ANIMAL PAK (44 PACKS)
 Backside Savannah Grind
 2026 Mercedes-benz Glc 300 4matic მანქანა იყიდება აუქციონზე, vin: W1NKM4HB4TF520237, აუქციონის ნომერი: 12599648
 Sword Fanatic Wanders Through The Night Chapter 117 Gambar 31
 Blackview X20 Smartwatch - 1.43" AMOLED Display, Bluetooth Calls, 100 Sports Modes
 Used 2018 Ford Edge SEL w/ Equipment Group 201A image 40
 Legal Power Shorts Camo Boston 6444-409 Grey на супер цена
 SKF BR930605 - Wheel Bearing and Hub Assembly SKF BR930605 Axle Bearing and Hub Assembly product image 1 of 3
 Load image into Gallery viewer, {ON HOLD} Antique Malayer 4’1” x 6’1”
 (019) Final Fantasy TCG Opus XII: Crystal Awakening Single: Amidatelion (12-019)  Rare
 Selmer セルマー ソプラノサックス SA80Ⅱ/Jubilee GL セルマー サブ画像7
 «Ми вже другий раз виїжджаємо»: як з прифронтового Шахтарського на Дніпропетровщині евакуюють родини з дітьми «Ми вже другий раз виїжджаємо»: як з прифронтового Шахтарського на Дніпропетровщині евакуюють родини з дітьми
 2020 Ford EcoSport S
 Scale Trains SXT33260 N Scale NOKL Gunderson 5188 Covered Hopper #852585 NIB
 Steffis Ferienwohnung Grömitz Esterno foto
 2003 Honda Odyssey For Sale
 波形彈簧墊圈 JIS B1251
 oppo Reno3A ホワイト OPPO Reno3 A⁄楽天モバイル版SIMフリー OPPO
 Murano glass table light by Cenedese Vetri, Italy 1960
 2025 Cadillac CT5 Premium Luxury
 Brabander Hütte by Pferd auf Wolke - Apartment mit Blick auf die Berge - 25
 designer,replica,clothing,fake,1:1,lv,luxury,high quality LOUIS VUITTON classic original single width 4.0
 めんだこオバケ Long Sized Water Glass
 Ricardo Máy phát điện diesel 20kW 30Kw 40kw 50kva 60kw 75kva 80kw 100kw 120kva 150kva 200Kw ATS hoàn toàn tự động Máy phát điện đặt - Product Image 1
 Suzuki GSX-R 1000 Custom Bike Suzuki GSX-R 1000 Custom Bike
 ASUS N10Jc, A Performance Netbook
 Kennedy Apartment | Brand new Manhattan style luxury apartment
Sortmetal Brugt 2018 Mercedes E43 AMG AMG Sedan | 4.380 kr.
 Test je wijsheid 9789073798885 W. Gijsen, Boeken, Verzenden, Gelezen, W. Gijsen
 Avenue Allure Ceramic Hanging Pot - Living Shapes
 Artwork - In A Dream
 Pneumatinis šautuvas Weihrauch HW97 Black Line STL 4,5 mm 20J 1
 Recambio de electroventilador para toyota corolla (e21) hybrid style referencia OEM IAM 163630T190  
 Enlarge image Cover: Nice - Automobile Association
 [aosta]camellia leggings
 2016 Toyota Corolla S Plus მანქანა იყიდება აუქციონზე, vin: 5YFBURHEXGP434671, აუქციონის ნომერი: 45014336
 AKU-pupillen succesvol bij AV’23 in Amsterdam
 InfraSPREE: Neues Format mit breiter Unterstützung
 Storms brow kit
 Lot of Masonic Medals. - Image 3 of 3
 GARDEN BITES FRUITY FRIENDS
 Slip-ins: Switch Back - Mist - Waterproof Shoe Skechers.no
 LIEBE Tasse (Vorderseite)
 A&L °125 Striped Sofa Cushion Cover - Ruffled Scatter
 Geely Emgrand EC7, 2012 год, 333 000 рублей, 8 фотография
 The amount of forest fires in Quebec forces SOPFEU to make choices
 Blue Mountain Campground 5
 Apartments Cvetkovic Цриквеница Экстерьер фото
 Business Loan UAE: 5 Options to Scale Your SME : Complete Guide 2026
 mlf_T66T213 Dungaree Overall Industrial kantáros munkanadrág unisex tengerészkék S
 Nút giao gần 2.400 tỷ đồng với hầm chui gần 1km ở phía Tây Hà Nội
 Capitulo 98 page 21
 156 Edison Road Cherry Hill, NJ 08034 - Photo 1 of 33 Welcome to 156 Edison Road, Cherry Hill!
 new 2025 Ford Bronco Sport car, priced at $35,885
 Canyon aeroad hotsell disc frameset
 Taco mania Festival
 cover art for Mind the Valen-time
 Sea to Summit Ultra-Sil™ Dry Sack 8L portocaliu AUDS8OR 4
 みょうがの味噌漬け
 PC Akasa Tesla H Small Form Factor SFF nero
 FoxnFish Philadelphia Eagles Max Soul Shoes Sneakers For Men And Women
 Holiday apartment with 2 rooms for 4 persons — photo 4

▬▬▬▬▬▬

### [The task]
May I have exactly the lines from the one containing "A&L °125 Striped" through the last line of the data, both included?

### [Response]
 A&L °125 Striped Sofa Cushion Cover - Ruffled Scatter
 Geely Emgrand EC7, 2012 год, 333 000 рублей, 8 фотография
 The amount of forest fires in Quebec forces SOPFEU to make choices
 Blue Mountain Campground 5
 Apartments Cvetkovic Цриквеница Экстерьер фото
 Business Loan UAE: 5 Options to Scale Your SME : Complete Guide 2026
 mlf_T66T213 Dungaree Overall Industrial kantáros munkanadrág unisex tengerészkék S
 Nút giao gần 2.400 tỷ đồng với hầm chui gần 1km ở phía Tây Hà Nội
 Capitulo 98 page 21
 156 Edison Road Cherry Hill, NJ 08034 - Photo 1 of 33 Welcome to 156 Edison Road, Cherry Hill!
 new 2025 Ford Bronco Sport car, priced at $35,885
 Canyon aeroad hotsell disc frameset
 Taco mania Festival
 cover art for Mind the Valen-time
 Sea to Summit Ultra-Sil™ Dry Sack 8L portocaliu AUDS8OR 4
 みょうがの味噌漬け
 PC Akasa Tesla H Small Form Factor SFF nero
 FoxnFish Philadelphia Eagles Max Soul Shoes Sneakers For Men And Women
 Holiday apartment with 2 rooms for 4 persons — photo 4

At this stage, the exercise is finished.